Looking through the rolodex of tabs, I found a table I wouldn’t mind looking at every day. The legs looked sturdy, like a track horse in its prime. The wood was maple, and I could smell the Danish oil through the screen. I drafted up a message: “Hi, I’m interested in buying your desk. Would I be able to pass by today, and would it fit in my miserable Prius?” I moved some words around and hit send.


I walked into the kitchen to pour myself another cup of coffee and heard, “BING!” “Yes! I have many messages, but it is still available. Here’s my address: 7431 Av De L’Epee. I will disassemble it for it to fit in your car.” I looked out my window and saw the beauty of a car dressed in a white dress, waiting to be stripped naked and taken for a ride. I dressed myself accordingly, using my winter gloves and arms like a human windshield wiper to remove the snow from my car. With my big boy boots, I kicked and dragged the chunks of white and yellow snow, releasing my tires from the chains of Mother Nature.


I got in, pushed the start button, and watched my car welcome me with the digital letters appearing on the dash. I punched in the coordinates and made my way to the destination. The snow was fresh, making my wheels squeak at every turn, making my Prius sound like it was turning into a large rubber duck.


I parked far enough so the gentleman couldn’t see what I drove in and decide I wasn’t worthy enough of his homemade table. I walked, the wind and snow slapping me in the face like a duo wrestling team, making me catch my breath on every tenth step. The door didn’t have a bell. Instead, a metal ring hung from the middle of the door, waiting for me to slam it down on the wood. From the sound of his footsteps, I knew this was no small man, a real ogre.


The door creaked open, and he stood there, arm extended, waiting for me to shake his meaty hand. He smelled like gasoline and had enough dirt under his nails to start a community garden. The air in his apartment stood as still as his smile, and a bead of sweat fell from his wrinkled forehead and seeped into the skin of my forearm.


“I guess I’ll have to make time for an arm amputation,” I thought to myself.


I shook his hand and audibly swallowed. I retreated my hand and discreetly wiped it on the side of my pants, avoiding any weird infections. “Down the hall!” he said. “Follow me.” With my hands in my pockets, I followed him down the hall and counted the rolls on his neck like logs of firewood. If I lit a match right now, he’d turn into a fireball; his perfume was probably sold at a gas station. His feet were massive, large enough to kick my Prius and have it roll down a hill.
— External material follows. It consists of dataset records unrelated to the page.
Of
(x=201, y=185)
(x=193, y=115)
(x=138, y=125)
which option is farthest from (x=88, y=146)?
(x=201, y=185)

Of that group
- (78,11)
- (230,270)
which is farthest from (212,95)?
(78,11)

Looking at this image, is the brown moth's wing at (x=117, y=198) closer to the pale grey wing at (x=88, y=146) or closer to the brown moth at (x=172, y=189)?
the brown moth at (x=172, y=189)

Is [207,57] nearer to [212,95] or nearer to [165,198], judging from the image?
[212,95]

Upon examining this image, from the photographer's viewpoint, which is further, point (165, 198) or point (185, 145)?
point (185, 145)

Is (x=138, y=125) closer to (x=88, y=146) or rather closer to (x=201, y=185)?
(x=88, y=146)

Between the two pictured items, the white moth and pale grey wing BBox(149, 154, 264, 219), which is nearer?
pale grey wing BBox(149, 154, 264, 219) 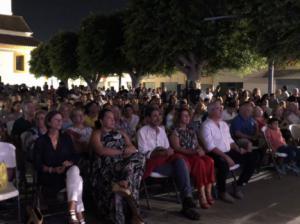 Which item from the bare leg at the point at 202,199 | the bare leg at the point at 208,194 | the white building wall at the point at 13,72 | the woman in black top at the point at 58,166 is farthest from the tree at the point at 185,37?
the white building wall at the point at 13,72

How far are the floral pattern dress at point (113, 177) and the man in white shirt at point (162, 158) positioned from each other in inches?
23.7

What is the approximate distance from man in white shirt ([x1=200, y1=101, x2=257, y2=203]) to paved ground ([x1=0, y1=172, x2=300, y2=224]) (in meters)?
0.23

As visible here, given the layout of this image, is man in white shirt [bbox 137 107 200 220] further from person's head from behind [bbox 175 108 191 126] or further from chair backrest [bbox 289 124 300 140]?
chair backrest [bbox 289 124 300 140]

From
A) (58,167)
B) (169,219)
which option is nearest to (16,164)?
(58,167)

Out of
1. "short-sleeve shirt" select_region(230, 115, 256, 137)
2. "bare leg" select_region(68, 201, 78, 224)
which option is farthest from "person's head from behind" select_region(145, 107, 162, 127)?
"short-sleeve shirt" select_region(230, 115, 256, 137)

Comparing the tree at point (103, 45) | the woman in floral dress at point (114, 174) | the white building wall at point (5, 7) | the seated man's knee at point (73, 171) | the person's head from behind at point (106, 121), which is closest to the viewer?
the seated man's knee at point (73, 171)

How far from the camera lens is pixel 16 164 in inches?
276

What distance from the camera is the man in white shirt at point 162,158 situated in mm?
7180

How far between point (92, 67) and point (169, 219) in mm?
29484

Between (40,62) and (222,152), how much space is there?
45965 millimetres

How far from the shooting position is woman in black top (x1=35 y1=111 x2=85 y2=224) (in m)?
6.31

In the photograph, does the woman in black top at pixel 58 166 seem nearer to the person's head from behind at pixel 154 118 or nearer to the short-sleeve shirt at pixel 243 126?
the person's head from behind at pixel 154 118

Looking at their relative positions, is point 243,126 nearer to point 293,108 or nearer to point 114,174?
point 293,108

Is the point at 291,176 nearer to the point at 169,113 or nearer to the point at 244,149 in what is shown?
the point at 244,149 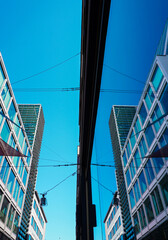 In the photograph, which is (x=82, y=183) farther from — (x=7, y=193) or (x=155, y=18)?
(x=7, y=193)

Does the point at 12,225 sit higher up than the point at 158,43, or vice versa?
the point at 12,225

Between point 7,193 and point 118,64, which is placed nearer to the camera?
point 118,64

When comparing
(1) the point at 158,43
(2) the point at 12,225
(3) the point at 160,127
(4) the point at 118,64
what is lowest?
(3) the point at 160,127

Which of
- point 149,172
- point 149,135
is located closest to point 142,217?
point 149,172

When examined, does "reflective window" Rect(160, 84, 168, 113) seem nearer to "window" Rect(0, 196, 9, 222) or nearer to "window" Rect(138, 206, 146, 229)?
"window" Rect(138, 206, 146, 229)

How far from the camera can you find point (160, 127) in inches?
20.8

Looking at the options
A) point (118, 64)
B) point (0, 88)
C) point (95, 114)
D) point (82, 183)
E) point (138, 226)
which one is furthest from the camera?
point (0, 88)

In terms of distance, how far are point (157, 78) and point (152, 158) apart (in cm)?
24

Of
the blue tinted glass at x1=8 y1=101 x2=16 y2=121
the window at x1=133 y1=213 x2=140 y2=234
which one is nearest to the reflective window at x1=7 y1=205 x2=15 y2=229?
the blue tinted glass at x1=8 y1=101 x2=16 y2=121

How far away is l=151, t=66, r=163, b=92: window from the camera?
19.6 inches

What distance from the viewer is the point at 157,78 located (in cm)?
53

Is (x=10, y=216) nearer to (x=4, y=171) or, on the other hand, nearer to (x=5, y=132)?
(x=4, y=171)

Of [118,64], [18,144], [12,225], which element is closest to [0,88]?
[18,144]

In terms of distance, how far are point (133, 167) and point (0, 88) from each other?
61.7 feet
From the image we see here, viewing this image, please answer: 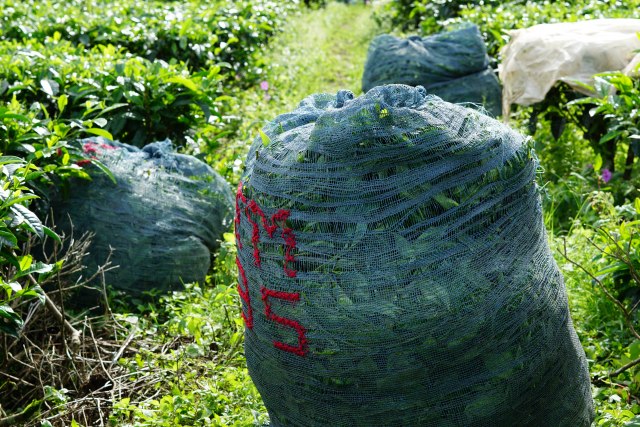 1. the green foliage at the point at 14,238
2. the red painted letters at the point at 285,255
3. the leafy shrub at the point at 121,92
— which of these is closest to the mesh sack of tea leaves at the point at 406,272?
the red painted letters at the point at 285,255

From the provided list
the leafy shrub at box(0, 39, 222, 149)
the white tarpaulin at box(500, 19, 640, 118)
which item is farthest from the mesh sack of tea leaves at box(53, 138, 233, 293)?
the white tarpaulin at box(500, 19, 640, 118)

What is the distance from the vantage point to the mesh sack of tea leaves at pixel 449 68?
249 inches

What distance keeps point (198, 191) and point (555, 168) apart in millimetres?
2541

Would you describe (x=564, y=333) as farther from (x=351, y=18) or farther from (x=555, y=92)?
(x=351, y=18)

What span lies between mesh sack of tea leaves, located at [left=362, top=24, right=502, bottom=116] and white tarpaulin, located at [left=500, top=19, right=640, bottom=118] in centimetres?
64

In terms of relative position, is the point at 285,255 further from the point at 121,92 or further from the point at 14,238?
the point at 121,92

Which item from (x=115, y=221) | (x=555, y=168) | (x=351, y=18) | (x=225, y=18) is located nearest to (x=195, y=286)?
(x=115, y=221)

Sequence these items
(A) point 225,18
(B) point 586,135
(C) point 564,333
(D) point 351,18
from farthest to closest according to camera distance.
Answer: (D) point 351,18 → (A) point 225,18 → (B) point 586,135 → (C) point 564,333

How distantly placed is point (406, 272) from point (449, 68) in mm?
4269

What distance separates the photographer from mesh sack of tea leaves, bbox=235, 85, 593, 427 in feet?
7.59

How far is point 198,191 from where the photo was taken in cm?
437

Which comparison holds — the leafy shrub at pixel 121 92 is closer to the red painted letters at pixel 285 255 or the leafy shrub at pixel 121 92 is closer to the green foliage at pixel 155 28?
the green foliage at pixel 155 28

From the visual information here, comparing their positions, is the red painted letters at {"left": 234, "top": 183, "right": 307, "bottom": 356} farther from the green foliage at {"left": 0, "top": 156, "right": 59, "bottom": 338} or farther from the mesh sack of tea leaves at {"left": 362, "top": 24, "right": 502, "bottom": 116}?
the mesh sack of tea leaves at {"left": 362, "top": 24, "right": 502, "bottom": 116}

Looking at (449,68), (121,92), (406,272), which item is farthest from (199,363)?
(449,68) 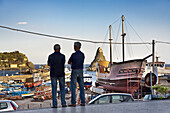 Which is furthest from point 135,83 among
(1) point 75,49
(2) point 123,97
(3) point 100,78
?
(1) point 75,49

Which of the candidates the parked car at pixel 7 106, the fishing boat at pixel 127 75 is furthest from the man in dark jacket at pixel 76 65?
the fishing boat at pixel 127 75

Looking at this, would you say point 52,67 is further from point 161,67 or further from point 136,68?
point 161,67

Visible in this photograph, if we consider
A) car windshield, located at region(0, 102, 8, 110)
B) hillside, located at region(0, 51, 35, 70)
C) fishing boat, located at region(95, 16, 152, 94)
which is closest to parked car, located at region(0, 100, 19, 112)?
car windshield, located at region(0, 102, 8, 110)

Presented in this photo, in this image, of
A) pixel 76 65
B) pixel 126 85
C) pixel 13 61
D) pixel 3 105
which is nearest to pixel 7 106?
pixel 3 105

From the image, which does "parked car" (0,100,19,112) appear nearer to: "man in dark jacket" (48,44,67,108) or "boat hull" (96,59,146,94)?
"man in dark jacket" (48,44,67,108)

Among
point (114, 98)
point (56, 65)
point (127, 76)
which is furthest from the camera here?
point (127, 76)

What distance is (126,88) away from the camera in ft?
91.0

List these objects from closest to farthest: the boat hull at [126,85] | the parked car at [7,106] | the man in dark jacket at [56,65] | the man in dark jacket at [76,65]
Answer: the man in dark jacket at [56,65] < the man in dark jacket at [76,65] < the parked car at [7,106] < the boat hull at [126,85]

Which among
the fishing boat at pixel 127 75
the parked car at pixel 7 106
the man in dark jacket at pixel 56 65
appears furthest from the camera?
the fishing boat at pixel 127 75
I analyzed the hall. It carried two large windows and picture frames of Marvin Gaye, Jimi Hendrix, and MF Doom, all of them watching me walk through like I was on a runway. He turned right, then left, and then went up a flight of brown stairs with nails protruding from the splints of wood.


“Is this really how I die?” I thought to myself, my anxiety increasing with every step forward. “How badly do I need this table? What does this table mean to me? Am I so obsessed with structure and productivity that I’m willing to put my life on the line for a fix of normal adult life?”


We finally got to the top of the stairs. His breathing was heavy, which gave me the impression I could run away safely if anything were to happen. He opened the French doors that led to a beautiful balcony, clear from snow and noise, a safe haven where you could smash a table down if you wanted to. All the materials needed were neatly packaged in a large bag.


Without breaking eye contact with the table, I took the cash out of my pocket and handed it to the large figure taking up 50% of my peripheral vision. I grabbed the bag from its sturdy handles and led the way out of the house, making Mr. Large Hands follow me this time.


I gave him one final look before leaving. Who is this man? Why does he seem so put together? He makes tables, and what do I do? Break them? I drive a lousy car that can easily be mistaken for a go-kart, and his driveway has four wheels that take up the same square meters as my apartment.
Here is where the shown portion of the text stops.